Ouattara lui-même et les gens de son parti, tous des politiciens pro-occidentaux, n'avaient toléré aucun observateur de vote dans les parties du pays qu'ils contrôlent. Les Ivoiriens ont donc l'impression qu'on leur a volé leur victoire électorale, et aussi parce qu'ils ne veulent pas de politiciens acquis à l'Occident à la tête de leur pays. C'est ce qui explique les affrontements violents qui se sont produits et se poursuivent. Ils auraient fait près de 200 morts juste après les élections et des dizaines de milliers de personnes sont en fuite. C'est pourquoi beaucoup redoutent un retour de la guerre civile comme en 2007.

Quant aux pays industriels occidentaux, ils tiennent au retrait de Gbagbo.

L'exemple de la Côte d'Ivoire montre bien le peu d'espace que les Occidentaux laissent à la démocratie dans les pays en développement. Disons-le : pas du tout, s'il y va de leurs intérêt !

Les États occidentaux ont donc décrété des sanctions contre Gbagbo, bien que, pour toutes les raisons évoquées précédemment, la victoire d'Alassane Ouattara soit plus que douteuse.

Depuis la fin de la guerre civile de 2007, le pays est partagé en deux zones d'influence. Le Nord est sous le contrôle des ex-rebelles des Forces Nouvelles (FN) commandées par Guillaume Soro, qui ces derniers temps était le Premier Ministre de Gbagbo.

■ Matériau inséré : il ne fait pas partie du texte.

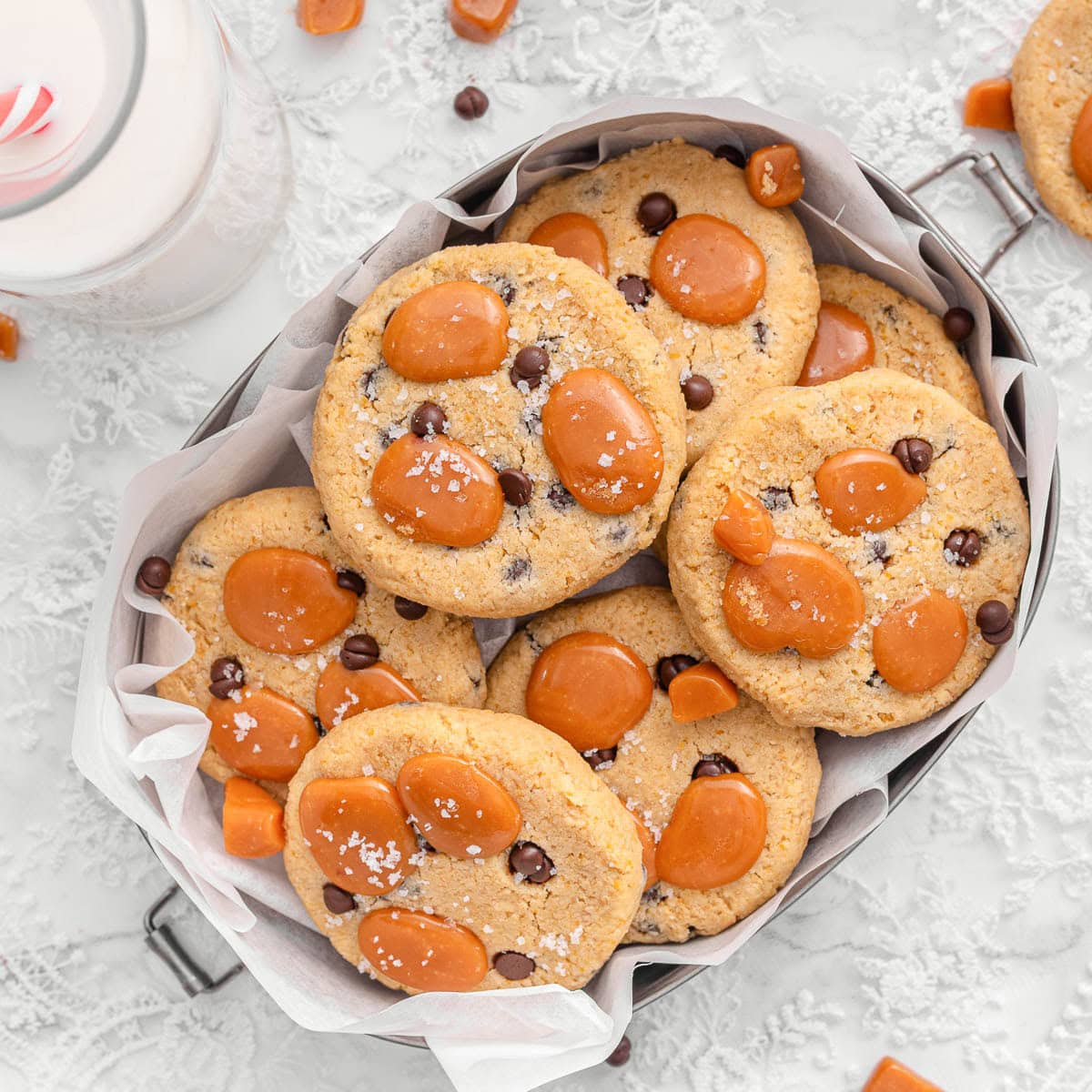 Salted Caramel Chocolate Chip Chickpea Cookies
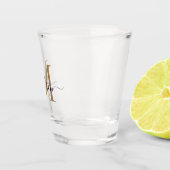 Elegant Black Gold Monogram Script Name Initiaal Shot Glas (Rechts)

Mais depuis elles ont apporté leur soutien à Ouattara, originaire du Nord de la Côte d'Ivoire.

En revanche le Sud, à l'économie plus dynamique, est sous le contrôle de Gbagbo.

En résumé on peut constater que la question, en Côte d'Ivoire, est de mieux inclure ce pays dans la zone d'influence occidentale, dans la tradition néocoloniale (c'est à dire d'ouvrir grandes ses portes au capital monopoliste transnational), mais aussi de savoir laquelle des puissances occidentales aura la haute main dans ce domaine.